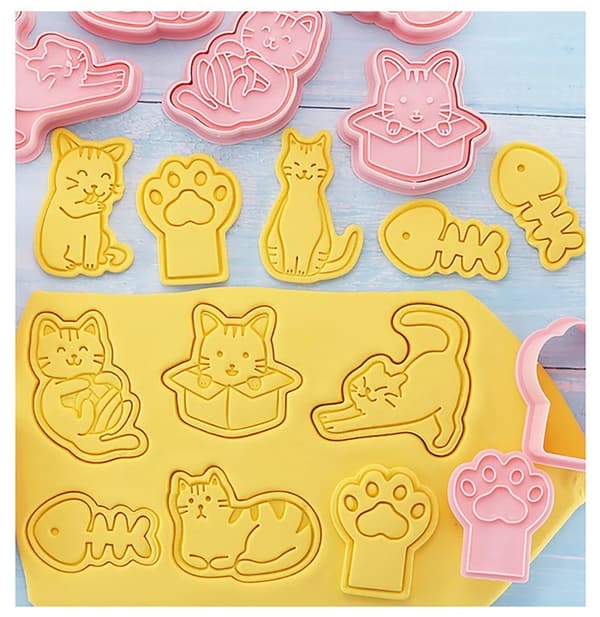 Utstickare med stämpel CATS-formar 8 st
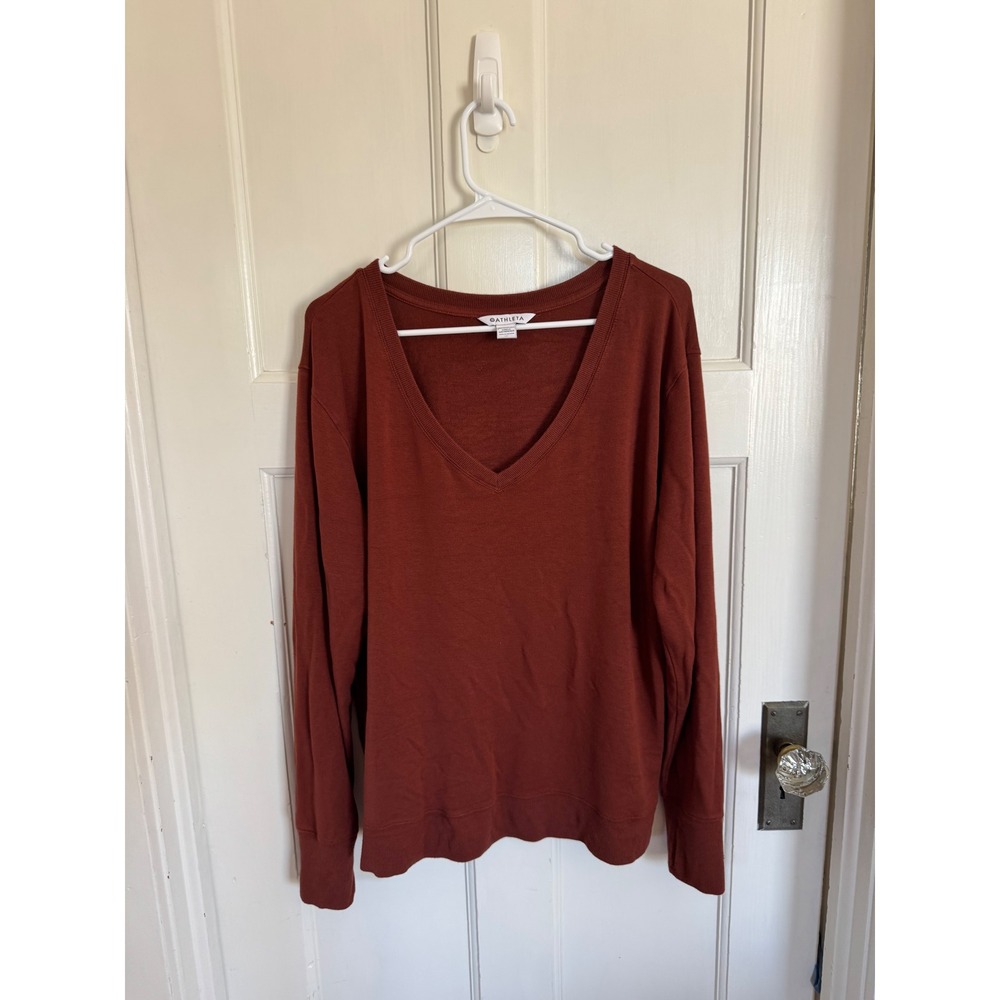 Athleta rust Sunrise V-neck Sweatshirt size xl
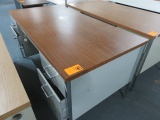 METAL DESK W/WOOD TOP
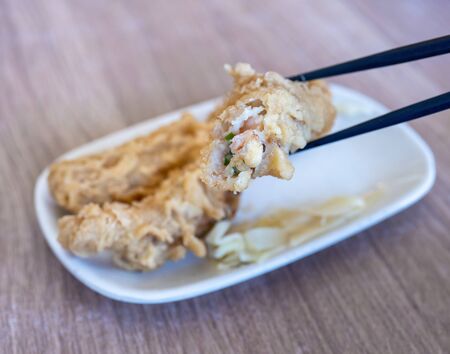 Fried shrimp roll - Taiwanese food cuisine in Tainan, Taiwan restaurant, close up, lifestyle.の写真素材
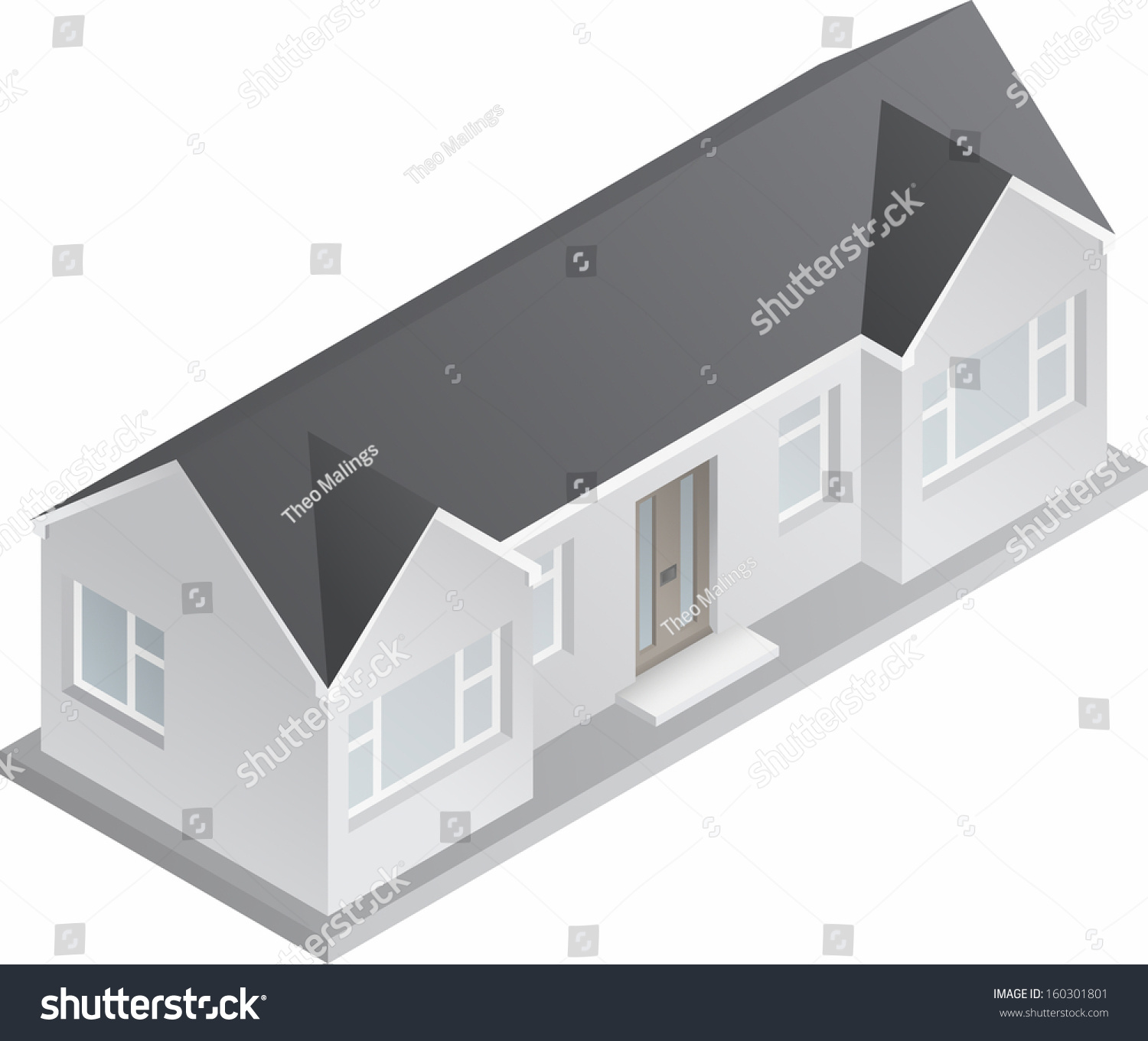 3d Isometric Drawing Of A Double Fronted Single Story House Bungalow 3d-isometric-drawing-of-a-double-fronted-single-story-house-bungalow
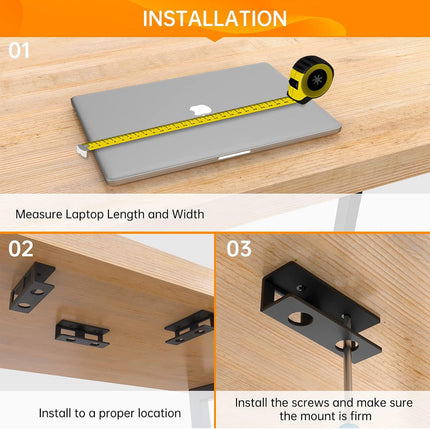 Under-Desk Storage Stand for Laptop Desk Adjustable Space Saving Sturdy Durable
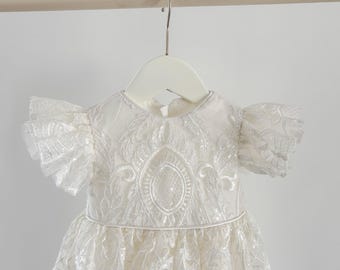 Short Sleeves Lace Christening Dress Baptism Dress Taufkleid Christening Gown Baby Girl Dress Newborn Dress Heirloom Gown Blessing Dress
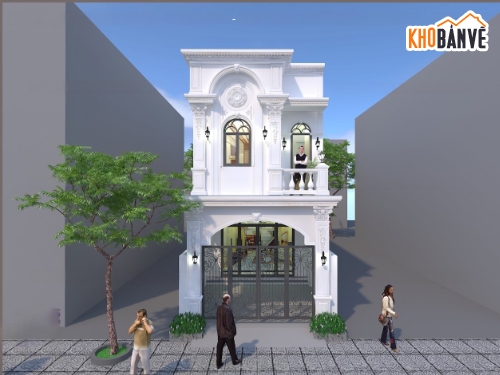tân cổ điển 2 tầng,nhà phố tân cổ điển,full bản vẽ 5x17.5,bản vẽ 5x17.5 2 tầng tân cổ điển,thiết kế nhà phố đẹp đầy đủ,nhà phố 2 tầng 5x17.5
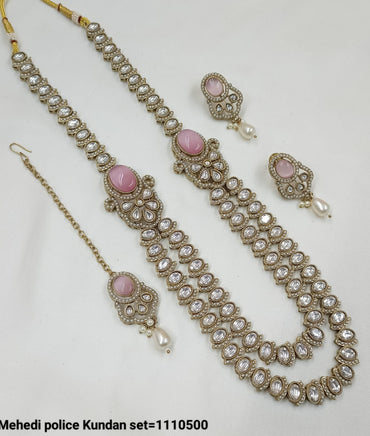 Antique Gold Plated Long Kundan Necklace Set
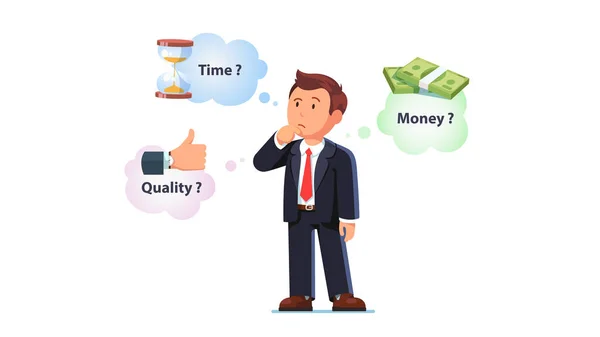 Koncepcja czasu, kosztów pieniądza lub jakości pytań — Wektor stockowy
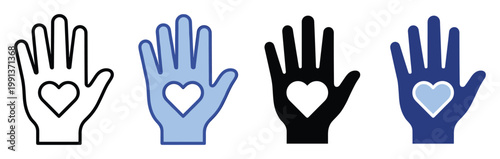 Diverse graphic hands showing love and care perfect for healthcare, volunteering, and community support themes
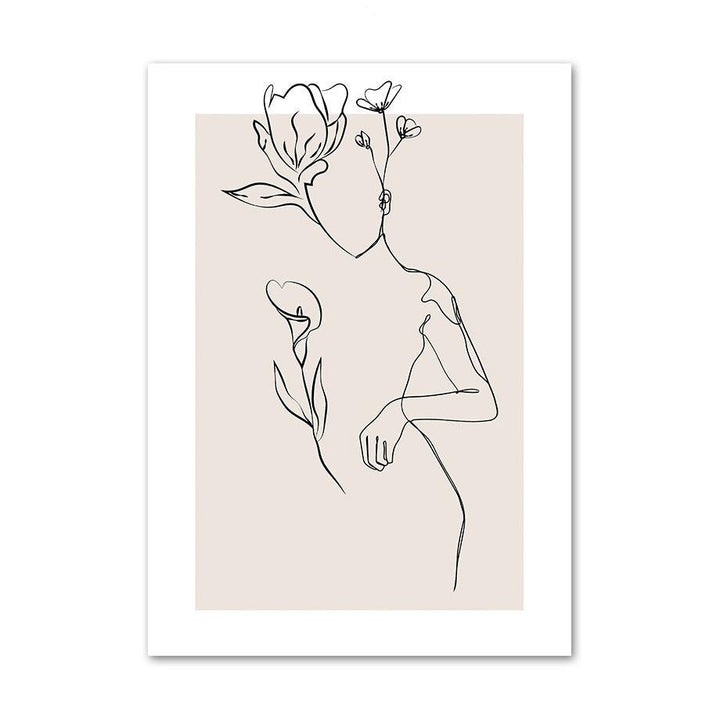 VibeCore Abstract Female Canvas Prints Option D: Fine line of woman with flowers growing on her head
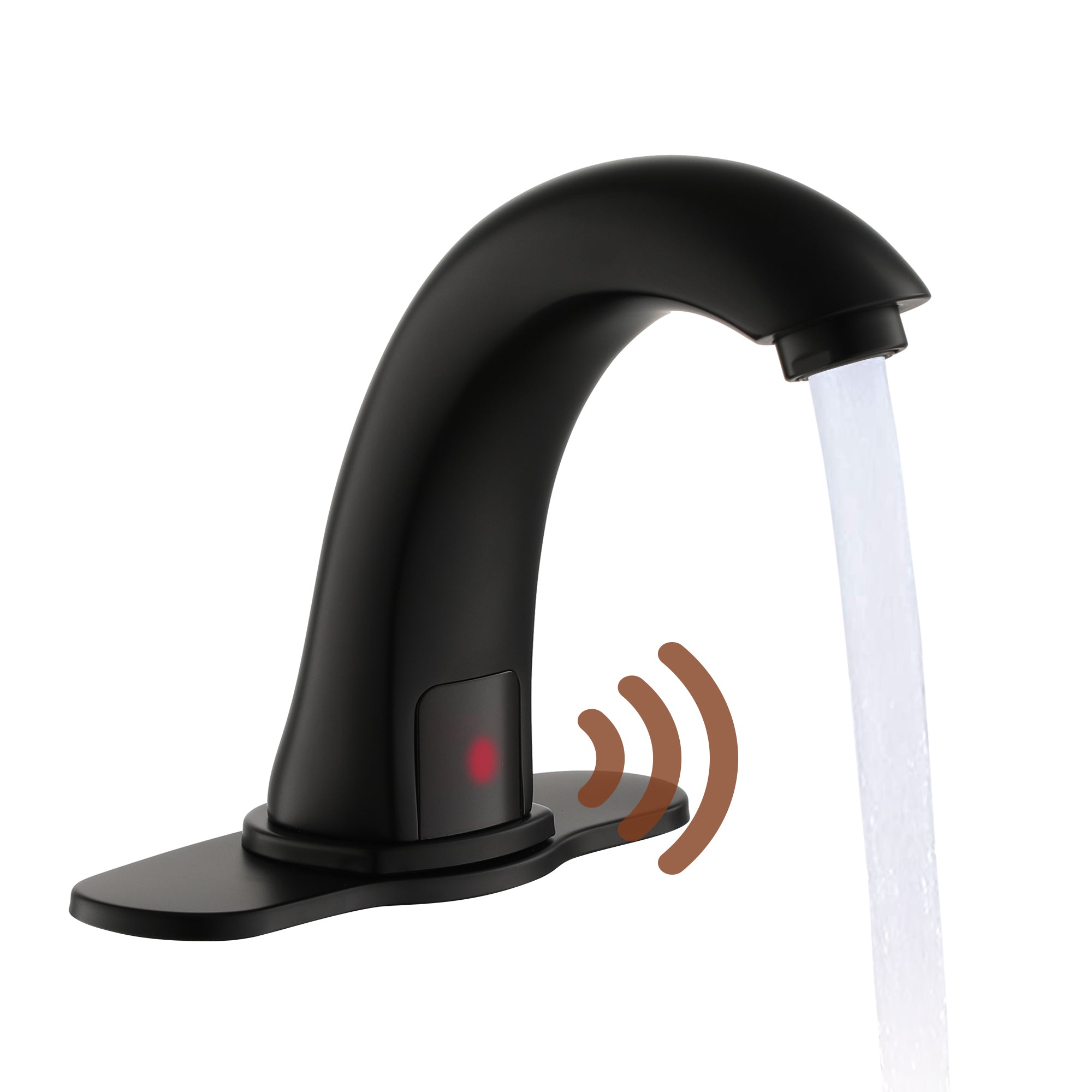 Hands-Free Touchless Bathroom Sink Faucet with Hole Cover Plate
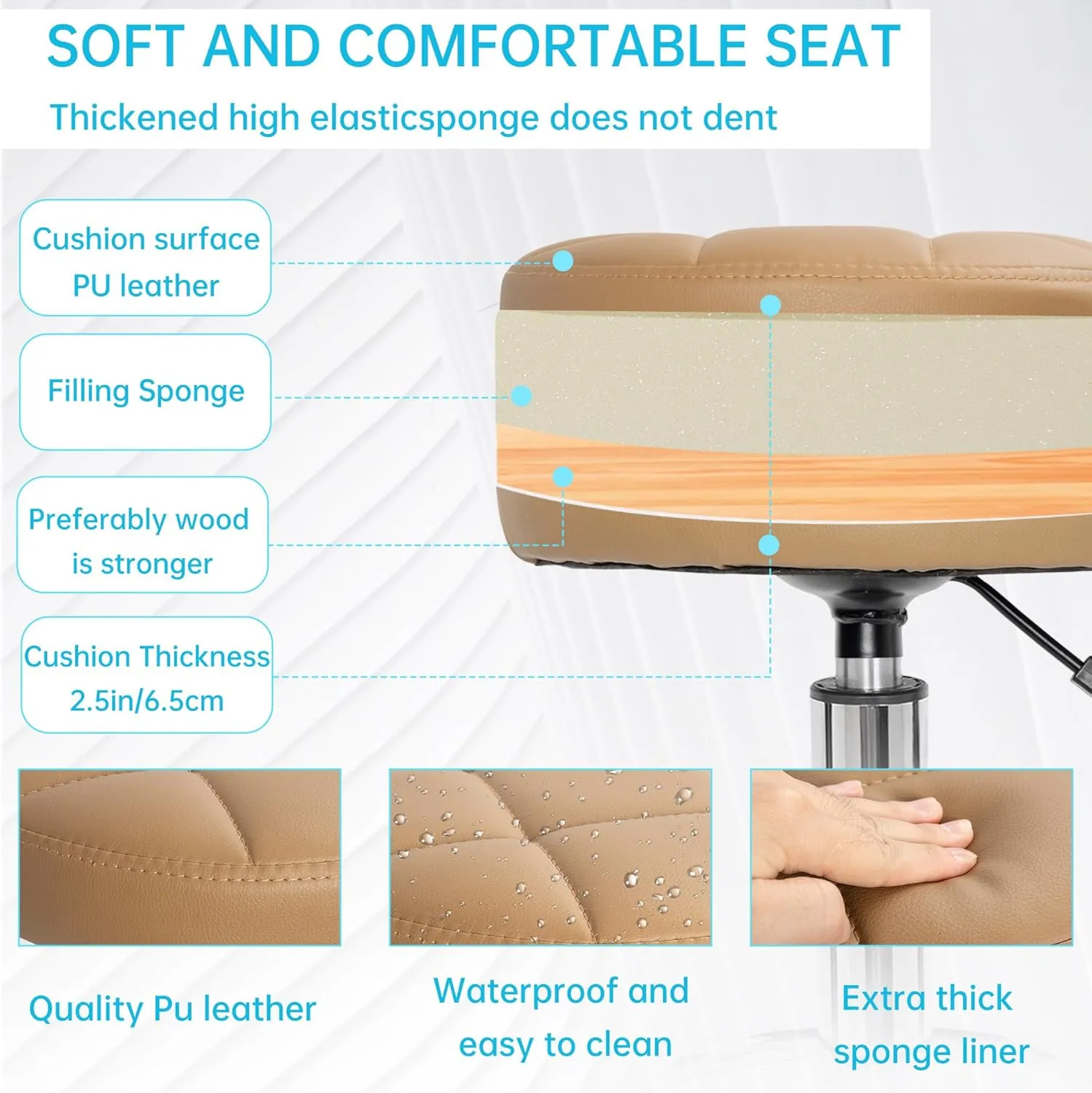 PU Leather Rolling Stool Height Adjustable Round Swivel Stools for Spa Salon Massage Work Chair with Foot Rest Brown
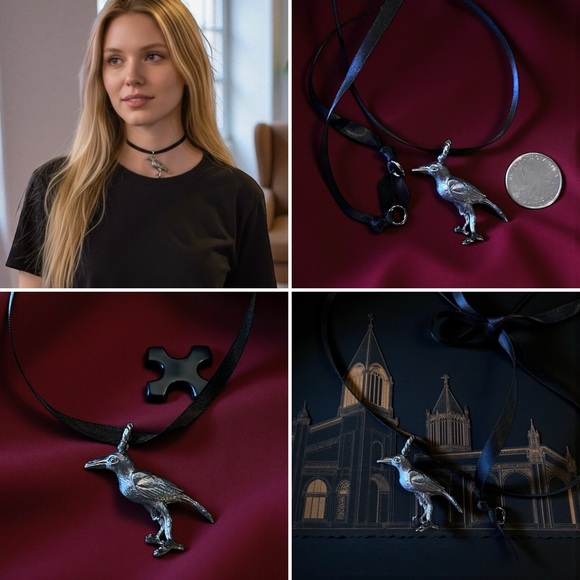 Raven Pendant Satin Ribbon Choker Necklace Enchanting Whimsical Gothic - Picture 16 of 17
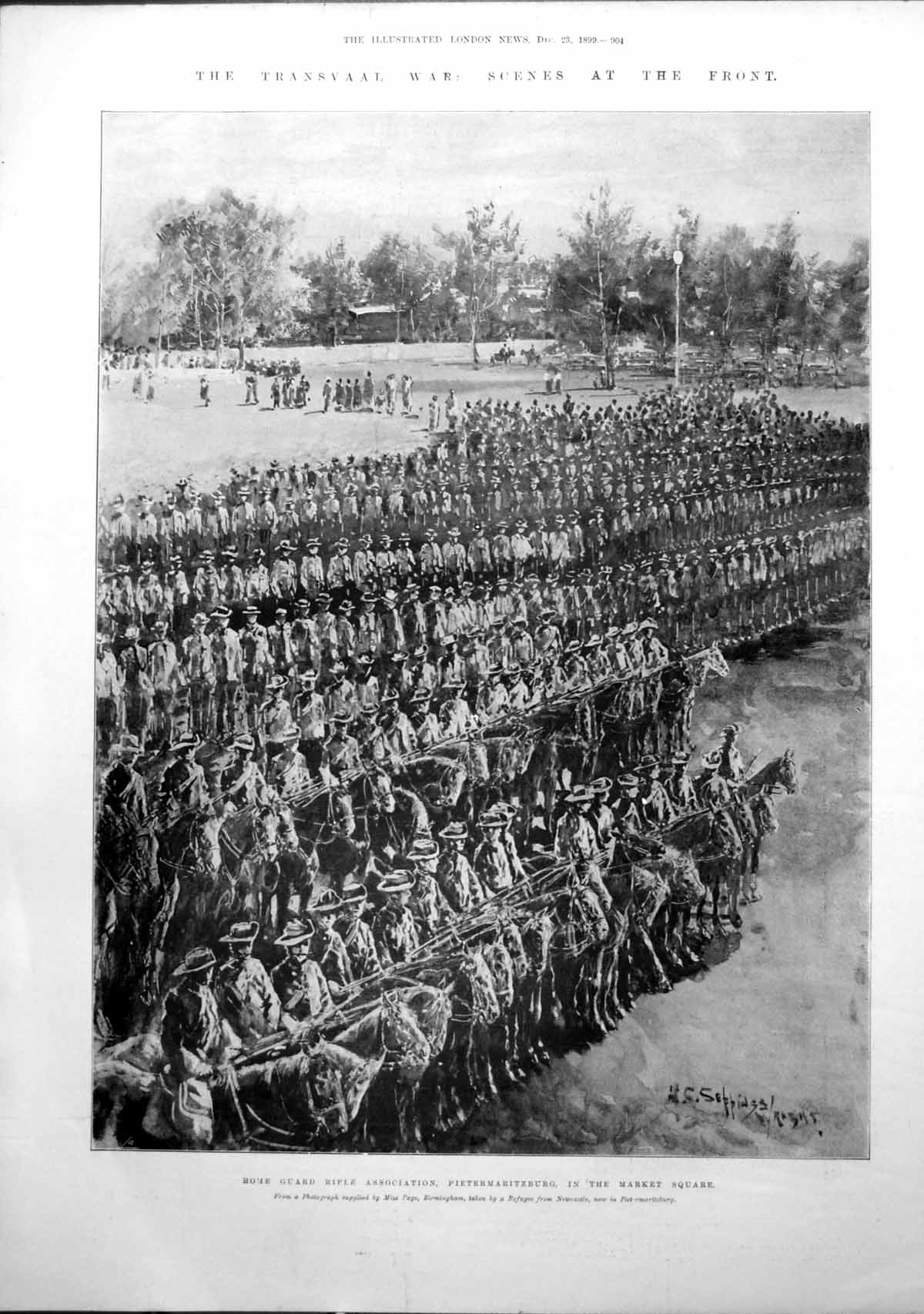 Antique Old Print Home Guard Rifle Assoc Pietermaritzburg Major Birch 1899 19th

What you will do
This calls for an exact copy of all the entries above, with the pictures omitted.

Completed exercise
 Utstickare med stämpel CATS-formar 8 st
 Athleta rust Sunrise V-neck Sweatshirt size xl
 METAL DESK W/WOOD TOP
 Fried shrimp roll - Taiwanese food cuisine in Tainan, Taiwan restaurant, close up, lifestyle.の写真素材
 3d Isometric Drawing Of A Double Fronted Single Story House Bungalow 3d-isometric-drawing-of-a-double-fronted-single-story-house-bungalow
 Under-Desk Storage Stand for Laptop Desk Adjustable Space Saving Sturdy Durable
 Short Sleeves Lace Christening Dress Baptism Dress Taufkleid Christening Gown Baby Girl Dress Newborn Dress Heirloom Gown Blessing Dress
tân cổ điển 2 tầng,nhà phố tân cổ điển,full bản vẽ 5x17.5,bản vẽ 5x17.5 2 tầng tân cổ điển,thiết kế nhà phố đẹp đầy đủ,nhà phố 2 tầng 5x17.5
 Antique Gold Plated Long Kundan Necklace Set
 Koncepcja czasu, kosztów pieniądza lub jakości pytań — Wektor stockowy
 Diverse graphic hands showing love and care perfect for healthcare, volunteering, and community support themes
 VibeCore Abstract Female Canvas Prints Option D: Fine line of woman with flowers growing on her head
 Hands-Free Touchless Bathroom Sink Faucet with Hole Cover Plate
 PU Leather Rolling Stool Height Adjustable Round Swivel Stools for Spa Salon Massage Work Chair with Foot Rest Brown
 Raven Pendant Satin Ribbon Choker Necklace Enchanting Whimsical Gothic - Picture 16 of 17
 Antique Old Print Home Guard Rifle Assoc Pietermaritzburg Major Birch 1899 19th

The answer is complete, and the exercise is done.